A Woman Vice President

Marie Cocco is an ex-Clinton supporter who writes for the Washington Post. She is unhappy with Obama because Clinton’s former opponent has shifted so far to the right he threatens to go off the rails on abortion. Cocco first chastises Obama for “unnecessarily” endorsing Bush's faith-based initiative, which she brands “a sort of patronage program that rewards religious activists for their political support with public grants.” Cocco then hits Obama for declaring "I let Jesus Christ into my life," saying Bush already saw that as an Oval Office qualification, and “look where that's gotten us.” So when Cocco hears Obama now opposes late-term abortions granted because the woman is “feeling blue,” Cocco proclaims it makes her “see red.”

Obama doesn’t need Cocco; she’ll vote for him anyway. But he doesn’t want women drawn to a GOP ticket with a woman on it, women affected by his long, drawn-out battle with the female they thought would be America’s next president. I think if Obama picks a white male for vice president, McCain will certainly go for a woman, such as fired Hewlett-Packard CEO Carly Fiorina [pictured]. Fiorina is on top of her game economically at a time the economy is the issue. She is also Catholic and against abortion. She adds (relative) youth, vigor, pizzazz, and competence to McCain’s ticket.
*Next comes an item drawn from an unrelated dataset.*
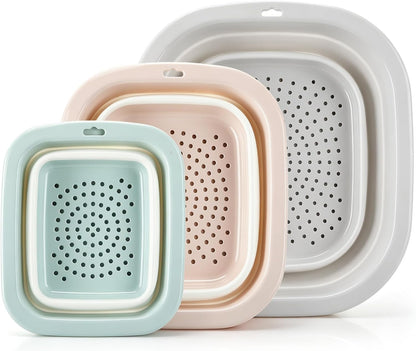 3 Set 8-4-2 Qt Collapsible Colander and Sink Basin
Obama, who picks first, has to weigh seriously the prospect of McCain selecting a woman. 2008’s excitement came from him and from Clinton— both of them. Let the Republicans have a woman, and he gives away part of the primary excitement he generated. Obama’s solution: put a woman on his ticket. Why not Kathleen Sebelius [pictured] of Kansas, the very state Hawaii born-and-raised Obama claims as his “home” (his grandparents were from Kansas)? Sebelius is Catholic, pro-abortion, daughter of former Ohio governor John Gilligan with plenty of family and friends still in Ohio. So Obama from Hawaii gets white, Midwestern roots with Kansas, and Kansas’ Sebelius brings along Ohio, and other industrial state Catholics. If Obama is really lucky, McCain will counter by picking a dull white male, leaving Obama a corner on the excitement market without having had to bring Clintons into the White House at all.

A smart McCain will go ahead and pick a woman anyway.